Fred looked to Kay for help but she wouldn’t meet his eye, only swirled her sherry about in the dinky glass.
“Well, which is it, my girl?”
“The whole business is a clique,” said Theo, “a club or cartel, like Eton or Harrow.”
“Hallo hallo?” Fred said.
“To make sure the top people stay in charge.”
“I must say, son, you can talk some eyewash when you choose. How can it be that if Kay’s got in? She’s hardly Milady Muck.”
“That’s one of the crumbs they throw the rest of us to keep us in our place.”
“Enough crumbs add up to a cake,” Fred said, making Theo look up. That was worthy of Hazel, or even old Lenin himself, whom she’d quoted as saying he and his comrades didn’t want a slice of the cake but the bakery.
“Wait till I tell those snobs at the Lodge,” Fred went on.
“Better not, Dad,” Kay murmured, still peering at her glass.
“Why not? I’ve already told mine host here who was only boasting the other day about his son piloting a Spitfire.”
“Well, leave it at that because I shan’t be going.”
Fred stared at her then at Rose, who said in a stage whisper: “She’s expecting!”
“Expecting what?”
“It must be plain to everyone but you, the way she’s plumping out.”
Kay began: “And it’s no use you talking, Dad, because –”
“Just a second. Hadn’t Theo better wait in the car? Or walk down by the lake, son, while we –”
“Good grief,” Kay said, “he’s fifteen. He’s probably guessed anyway. Haven’t you?”
Theo shook his head. So – not a brother or sister but nephew or niece. He’d be an uncle and Kay a Mum !
Fred was silent. At last he sipped his beer and shook his head.” So we’re the last to be told.”
“We didn’t want you worrying,” Rose said.
“Worrying? A seventeen-year-old s
choolgirl –”
“Eighteen, just –”
“ – with a future of dreaming spires within her very grasp! I suppose this happened at that damned Youth Club? I’ll have it shut down. Well, I think we can safely defer this celebration till the matter’s been dealt with. Come along home, all of you.”
“Dealt with?” Kay said, staying seated as the others started to rise.
“Well, of course. It’s got to be got rid of! Toot sweet before it’s too obvious to hide. Then it would be all round the neighbourhood and we’d be upping stumps again before we’ve hardly arranged the furniture.”

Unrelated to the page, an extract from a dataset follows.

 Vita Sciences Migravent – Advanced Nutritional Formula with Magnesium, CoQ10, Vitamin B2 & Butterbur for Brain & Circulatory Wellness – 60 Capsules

“Dad means have it adopted,” Rose suggested, “don’t you?”
“Adopted? Aborted!”
“Don’t use that word. Say ‘Brought off’!”
“No,” said Kay.” No bringing off. I’m having it.”

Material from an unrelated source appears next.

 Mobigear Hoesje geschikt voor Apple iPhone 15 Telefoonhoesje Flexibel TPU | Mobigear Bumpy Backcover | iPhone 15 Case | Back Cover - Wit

The publican came up to ask if all was well and congratulate Kay on her scholarship and to offer another round on the house. Fred couldn’t face him and Rose avoided his eye again. Only Kay was equal to the occasion, gave him her Vivien Leigh laugh, enquired in vain about a Sidecar and settled for another sherry.

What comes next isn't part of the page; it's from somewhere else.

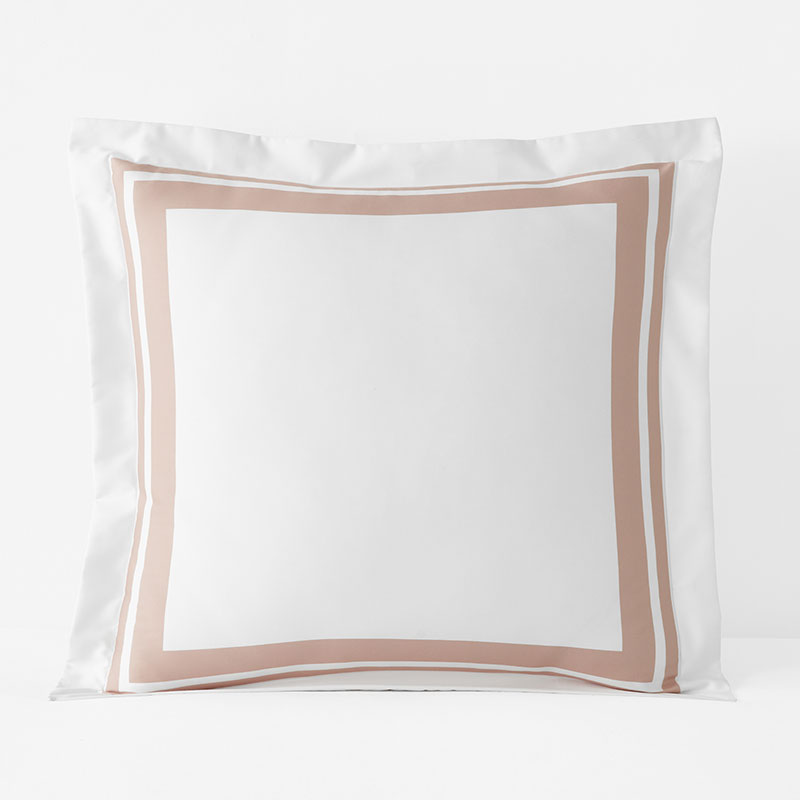 Double Border Premium Smooth Supima® Cotton Wrinkle-Free Sateen Sham - Rose, Euro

Back home in Rosemount, his dad drank more beer and stood staring through French windows into the back garden with its concrete sundial and crazy paving. Enjoying his righteous mood and needing to chastise Kay, he pointed at Theo’s wonderful example. Comparatively backward, certainly no natural genius, he’d managed to pull himself up by his bootstraps, taking every advantage of Mrs. Hampton’s tuition. At this, Theo felt his sister’s eyes on his face and blushed.